Thanks for the feedback. Let me tell you what I did. I decided that my typical pre-masters workout hydration wouldn't be enough. So:
  1. Good pasta dinner night before race
  2. Stretched thoroughly before bed
  3. started drinking water the minute I got out of bed at 5:30am
  4. 2.5 hours pre-race I had cereal and bananas for breakfast along with a nutrition bar
  5. 45 minutes pre-race I took 2 Endurolyte capsules (Hammer Nutrition) along with a lot of water(per instruction)
  6. Stretched prior to race
  7. at the 1 mile water station I drank 2+ ounces of Hammer Gel and 12 ounces water
  8. at the 2.4 mile water station I drank 2+ ounces of Hammer Gel and several ounces of a concentrated mix of Edurolyte powder in water (in small squeeze flask normally used for gel) and 24 ounces of water

The results: A little cramping shortly after the 1 mile mark. I relaxed my legs and the cramps went away.
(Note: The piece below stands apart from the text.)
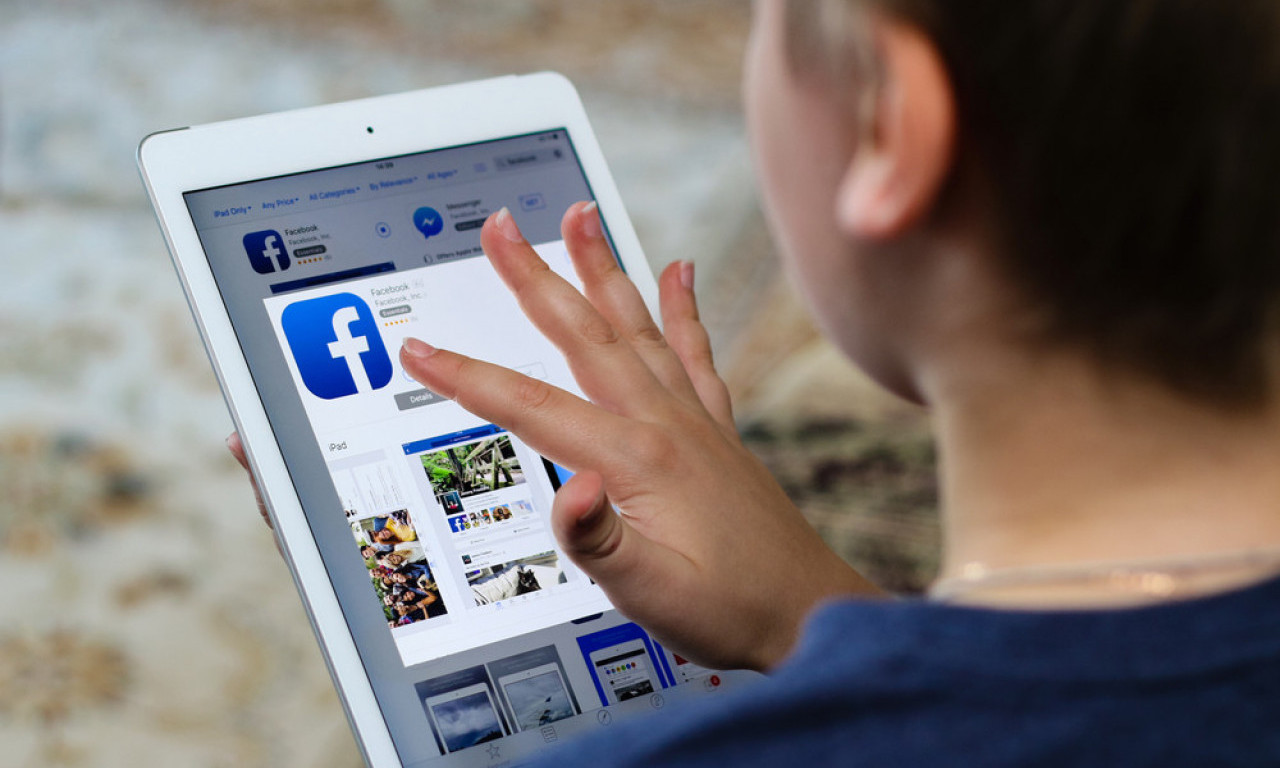 RAZOTKRIVENA PEDOFILSKA GRUPA "ĆERKE I TATE DOPISIVANJE"! Reagovao MUP Srbije - administrator je IZ HRVATSKE: Hitno obavešten Evropol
The gel must have kicked in because I felt a lot better and more energetic in the second mile than I did in the first. I restarted a very light 2 beat kick just as a balance to my stroke. As I went into the last mile and a half, I continued to feel very good. Kept a good pace (for me). Last two hundred yards I started a light 6 beat kick. No cramps. Finished and as I ran up on the sand....no cramps. Keep in mind, a few weeks prior I swam in the Hurricane Man (2.4 miles) in St. Petersburg and finished with major hamstring cramps.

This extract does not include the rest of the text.